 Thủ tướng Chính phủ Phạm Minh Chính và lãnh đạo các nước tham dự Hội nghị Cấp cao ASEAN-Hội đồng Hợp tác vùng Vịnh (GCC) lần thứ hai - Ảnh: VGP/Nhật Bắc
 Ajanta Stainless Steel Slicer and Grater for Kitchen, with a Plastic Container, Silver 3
##############################
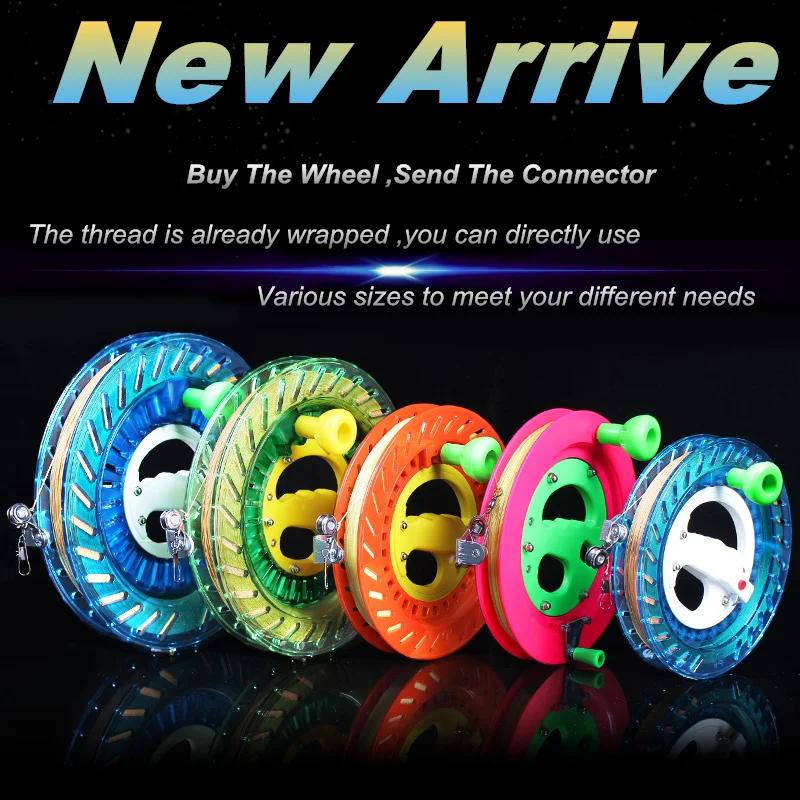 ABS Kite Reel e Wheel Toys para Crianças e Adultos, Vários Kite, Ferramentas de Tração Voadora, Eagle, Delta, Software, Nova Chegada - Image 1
##############################
ACTIVITY — I'd like the lines above from the one with "Thủ tướng Chính" up to and including the one with "Ajanta Stainless Steel" copied exactly, with no other lines.

RESPONSE FOR THIS EXERCISE —
 Thủ tướng Chính phủ Phạm Minh Chính và lãnh đạo các nước tham dự Hội nghị Cấp cao ASEAN-Hội đồng Hợp tác vùng Vịnh (GCC) lần thứ hai - Ảnh: VGP/Nhật Bắc
 Ajanta Stainless Steel Slicer and Grater for Kitchen, with a Plastic Container, Silver 3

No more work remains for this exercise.